* [Exercise brief]
Please give the entries below again exactly, omitting every picture.

* [Data extract]
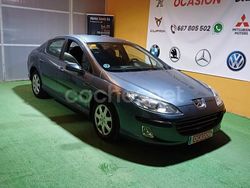 Gris / plata Usado 2007 Peugeot 407 Berlina | 3490 € (Precio justo)
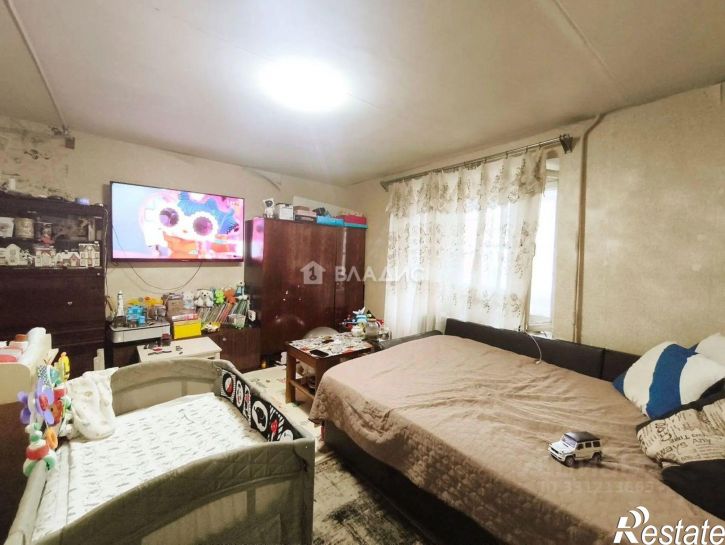 1-комн квартира улица Постовалова, 4,  д. 4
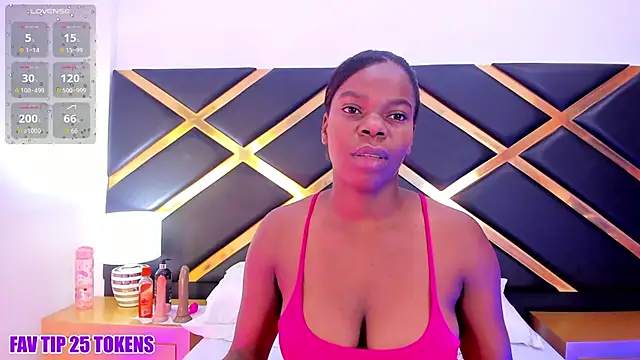 KatrinaLondon online show from January 2026 12:32:02 PM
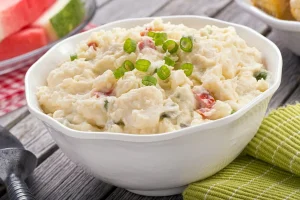 Salade Patates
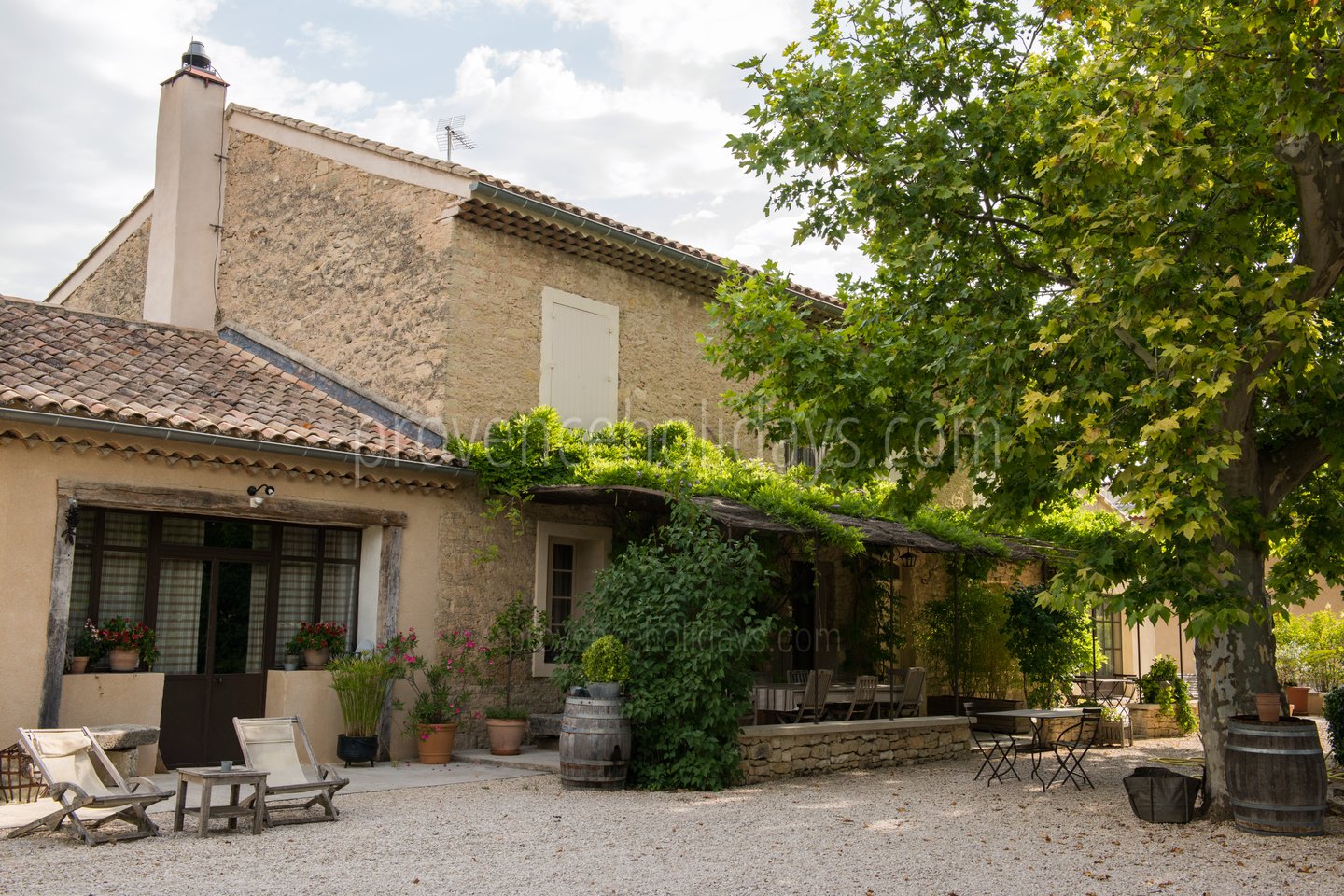 2 - Chez Audrey: Villa: Exterior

* [Solution to the exercise]
 Gris / plata Usado 2007 Peugeot 407 Berlina | 3490 € (Precio justo)
 1-комн квартира улица Постовалова, 4,  д. 4
 KatrinaLondon online show from January 2026 12:32:02 PM
 Salade Patates
 2 - Chez Audrey: Villa: Exterior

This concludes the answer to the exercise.